Title: The Little Teashop in Tokyo (Romantic Escapes #6)
Author: Julie Caplin
Date of publication: June 11th, 2020
Publisher: One More Chapter
Print length: Kindle Edition, 400 pages
Genre: Fiction, Travel, Romance, Click Lit
Edition: ebook (ARC)
You can buy this book from Amazon
Writing Quality 5/5, Character Development 5/5, ‘Couldn’t put it down’ – ness 5/5, Intellectual Depth 5/5, Originality 5/5, Overall 5/5.
I came across this book on NetGalley, and I requested it without even reading the description (stupid decision, I know). At the time, I didn’t know The Little Teashop in Tokyo by Julie Caplin was part of a series, as I never heard of it before, so when I saw it was the sixth book, I got a little scared. What if the books were linked? How am I supposed to read the sixth novel, if I haven’t read the previous books? Well, to my happiness, they weren’t related, and I was able to read the book without any problem!
Be in the moment. Too many photographers hide behind their cameras and they end up with superficial, surface shots. A good photographer reveals the layers beneath.
Now, the action of the book floats around Fiona. To the persuasions of April(one of her best friends), Fiona signs herself into a photography competition, whom she wins. As a prize, she gains an all-expenses-paid trip to Japan.

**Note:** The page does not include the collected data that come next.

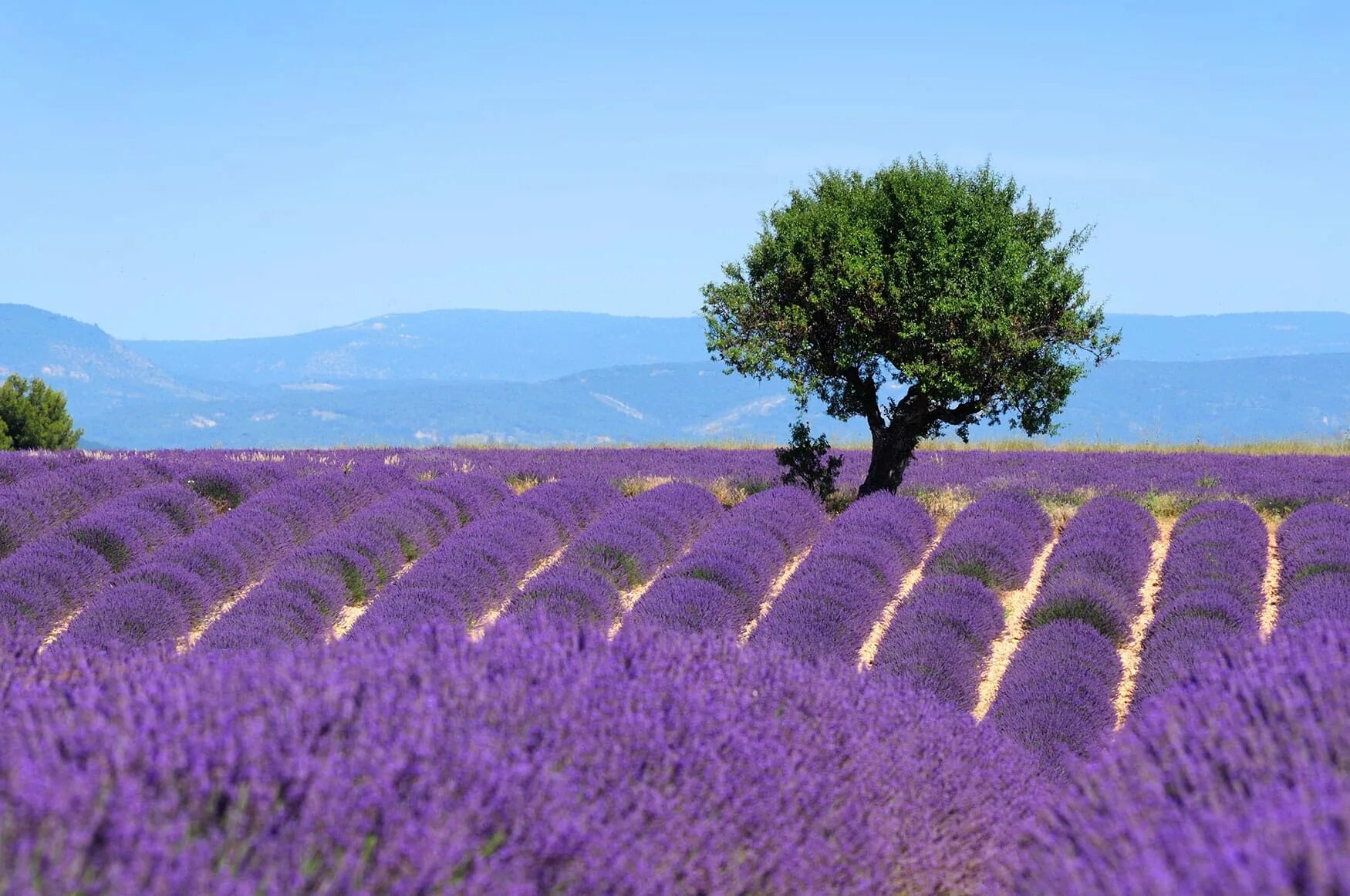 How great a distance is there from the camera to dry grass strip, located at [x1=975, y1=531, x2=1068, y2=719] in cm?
815

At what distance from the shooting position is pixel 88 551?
10.1m

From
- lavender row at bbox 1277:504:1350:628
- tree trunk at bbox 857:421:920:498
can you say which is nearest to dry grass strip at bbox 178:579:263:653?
tree trunk at bbox 857:421:920:498

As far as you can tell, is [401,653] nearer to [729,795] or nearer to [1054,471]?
[729,795]

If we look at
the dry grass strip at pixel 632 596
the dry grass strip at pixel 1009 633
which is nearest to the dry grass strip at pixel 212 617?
the dry grass strip at pixel 632 596

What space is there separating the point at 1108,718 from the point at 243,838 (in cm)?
Answer: 582

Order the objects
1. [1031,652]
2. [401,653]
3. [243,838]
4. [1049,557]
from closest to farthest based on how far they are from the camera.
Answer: [243,838], [401,653], [1031,652], [1049,557]

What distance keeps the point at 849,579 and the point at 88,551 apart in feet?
19.8

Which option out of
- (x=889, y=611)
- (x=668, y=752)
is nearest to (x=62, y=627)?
(x=889, y=611)

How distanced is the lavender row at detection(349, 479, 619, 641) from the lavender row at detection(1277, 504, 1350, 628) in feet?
17.9

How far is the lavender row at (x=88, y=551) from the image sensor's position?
352 inches

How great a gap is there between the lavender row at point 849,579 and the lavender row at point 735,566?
29 cm

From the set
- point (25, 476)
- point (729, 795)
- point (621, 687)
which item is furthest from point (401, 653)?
point (25, 476)

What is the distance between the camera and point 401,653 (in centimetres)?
313

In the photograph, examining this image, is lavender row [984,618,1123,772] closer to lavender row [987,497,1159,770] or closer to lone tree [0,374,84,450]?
lavender row [987,497,1159,770] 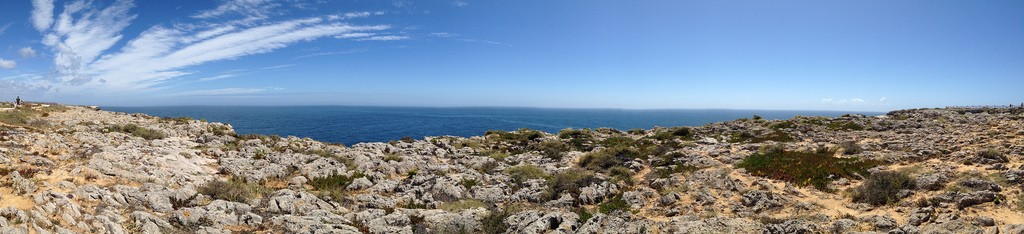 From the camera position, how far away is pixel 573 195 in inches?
794

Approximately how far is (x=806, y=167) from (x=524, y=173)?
15452 millimetres

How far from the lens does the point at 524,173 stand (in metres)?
25.1

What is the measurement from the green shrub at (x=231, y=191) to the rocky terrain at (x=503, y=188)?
0.07 m

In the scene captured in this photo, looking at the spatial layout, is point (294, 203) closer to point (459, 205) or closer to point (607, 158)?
point (459, 205)

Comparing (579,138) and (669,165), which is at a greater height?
(579,138)

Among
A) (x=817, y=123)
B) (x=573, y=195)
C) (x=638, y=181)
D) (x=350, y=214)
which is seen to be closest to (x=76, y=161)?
(x=350, y=214)

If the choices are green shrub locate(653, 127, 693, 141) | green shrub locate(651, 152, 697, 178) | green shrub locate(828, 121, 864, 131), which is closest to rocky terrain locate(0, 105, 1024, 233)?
green shrub locate(651, 152, 697, 178)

There she was supposed to be mentored by a well-knows japanise photographer, Yutaka Araki, but instead of him, she got stuck with Gabe, the person who broke her heart and changed the course of her life. What is she going to do?
Recently, she’d decided that life was too short to spend time on things you didn’t have to, like finishing books that didn’t appeal, watching the end of a film that wasn’t your thing, and studying every picture in an exhibit.
The storyline was lovely. It was clear and well-written. I especially liked the depth of the description. You can see from afar that Julie Caplin put a lot of research into this piece of writing. The ways she described Tokyo and every tourist sight were, without a doubt, perfect. The Digital Museum, the Mount Fiji and the cherry blossoms were lovely! Japan can combine every sacred tradition beautifully with technology and modernism. I have always had a soft spot for the Japanese culture, and this novel made me realise once again how beautiful Japan is. It made me travel a bit while in quarantine, and it was exactly what I needed.
‘Teenage years are difficult in every culture.’
‘I think so. We know so little of ourselves, we’re not yet us. But we think we are.’
One thing that I wasn’t fond of were Fiona’s insecurities. I know she has been through a lot, and I know sometimes, it is hard to be positive about yourself, especially your body, but I felt like the author emphasizes that way too much. We all know Gabe is gorgeous, and you have him. Chill a bit!
‘Traditions are best held by those who honour them,’ […]
I am more of a short-chapter kind of gal, and the ones in this book were quite long. Even if I am not over the moon for those, the fact that the book is told from two perspectives, helped a lot. It keeps you there, and you can’t get bored while reading.
[…] after all, a picture is worth a thousand words.
This is not the kind of book that keeps you at the edge of your seat. You are hooked but not because of a mystery, but because of the story itself. You can predict what is about to happen, but that makes the story even better. You want to see how the author got to the ending, not the ending itself. I loved reading this novel and I will definitely come back for the other ones!
ABOUT THE AUTHOR
Julie Caplin is addicted to travel and good food. She’s on a constant hunt for the perfect gin and is obsessively picky about glasses, tonic and garnishes. Between regular gin tastings, she’s been writing her debut novel which is set in just one of the many cities she’s explored over the years.